Using Version Control
Introduction
This paper is a short description of what is version control and how does it work. The goal of this paper is not to be a complete in depth study of Version Control System, VCS, but an introductory view to readers who have little or no background in version control. This paper should not be taken as a paper about Software Configuration Management (SCM); version control is only a small part of a SCM system. VCS is one of the critical components of a SCM system, but in no way is it the only component in a SCM system.
Overview
One of the strengths of the Unified Process, UP, is that it looks at deployment even at the beginning of the development cycle. There are many advantages to keeping the end goal in sight at the very beginning of the project. This long-term view of source code control leads to a very deployment centric development process. The advantages a deployment centric development process is that both the customer and system maintenance become the focal point of system development. This tends to improve responsiveness to customer needs and helps to have a more successful system. Also as a side effect these customers can be either internal, external, or both and all received the same level of service.
It is within this context that version control should be viewed. There is no reasonable way version control can be done without some sort of tool being employed and a version control tool is only as good as the process that is using the tool. If development is following a sound process, then the code product created will always be a higher quality product. One author’s opinion of how important process is can be seen it their comment:
We have seen a number of projects work from considerable periods of time (months if not years) using a single mainline with no branches. The fact that they could is a testament to the soundness of their practices. [1]
In no way should these statements be taken that good SCVC and process will created better systems and system quality. There are many other factors that will contribute to creating a better system. Some of these other factors include good decomposition of the system into very small components, small changes to the system at any one time, and Test Driven Development, TDD. As it can be seen these additional factors are not really process type factors, they are implementation and management type factors. The conclusion that these additional factors should lead to is that the successful achievement of the goal is done by an over all more mature development process not just a good SCM process.
While on this note of SCM there are two types of SCM tools on the market today. These are Version Control and Process Management. [2] It is very important that these categories are kept in mind when looking at different SCM tools.
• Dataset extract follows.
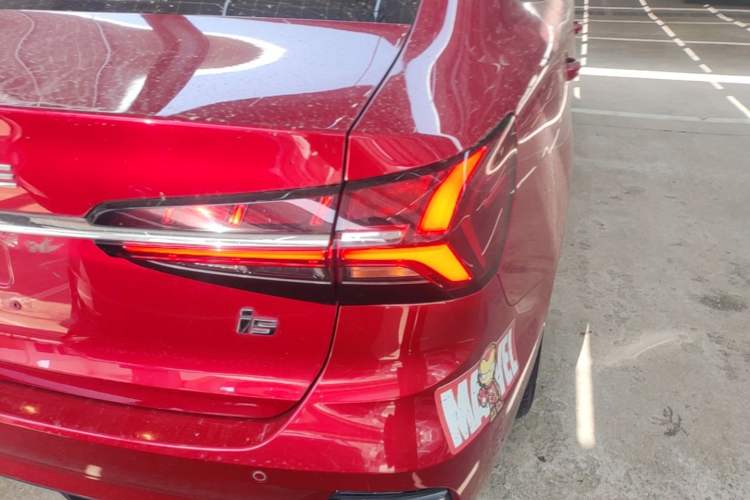 Used Roewe i5 2021 1.5L CVT Diamond Edition Exterior 3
If a good process already exists then Version Control type tools are all that is needed. However, if process is lacking then a Process Management type tool will be required. In selecting a version control tool there is one basic question that must be answered first: Does the tool have to fit the current process, or should the process be improved as well as a new tool? This question needs to be answered before tool selection can be done adequately.
File Locking
There are two distinct approaches to file locking in a version control system. These are Optimistic and Pessimistic. Each has its own set of advantages and problems. A version control tools is said to have Optimistic locking when it allows more than one user edit a file at the same time. A version control tool is said to have Pessimistic locking when a file can be edit only be one user at a time.
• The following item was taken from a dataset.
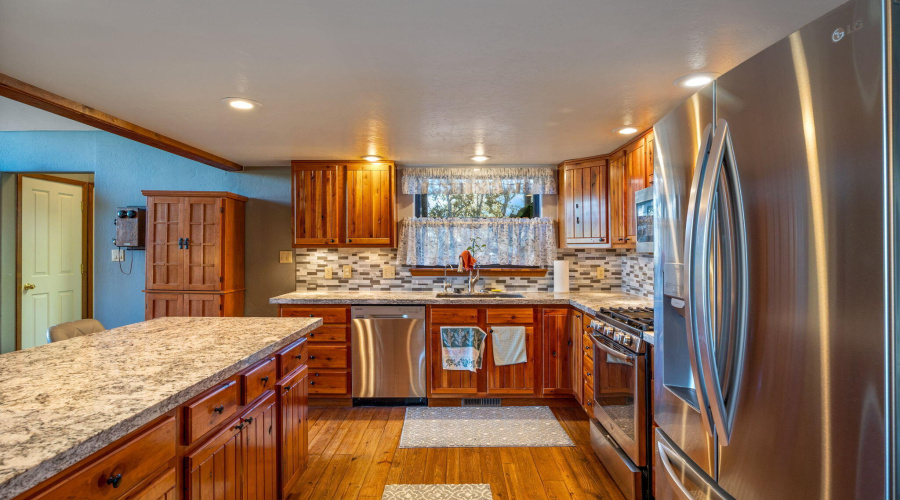 2235EagleLn-Overgaard-AZ-13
Pessimistic locks run certain risks, which include:
If a developer has a file checked out and becomes sick, or goes on vacation, the file might be locked for an extended time and this can cause problems for other developers needing the file.
Even though a file is locked so no other modification can be made to it, another file that it depends on may be changed in such a way that the checked out file breaks anyway.
Optimistic locks run certain risks, which include:
Code merged many different times.
Some file type cannot be merged like graphics, or binary document files.
Pessimistic locks have certain advantages, which include:
Inherent work order process.
Forced smaller modules.
Optimistic locks have certain advantages, which include:
Faster development times.
No waiting for other developers.
Repository
There are two types of repositories found in Version Control Systems. These are Centralized and Distributed. For a little more information please refer to http://betterexplained.com/articles/intro-to-distributed-version-control-illustrated/. The oldest store in a VCS is centralized repository. Just as its name suggests all data is stored in a central location. This type of repository is good backup, undo, and synchronization. In some ways it falls short for merging and branching, but in many ways these two issues can be addressed by process.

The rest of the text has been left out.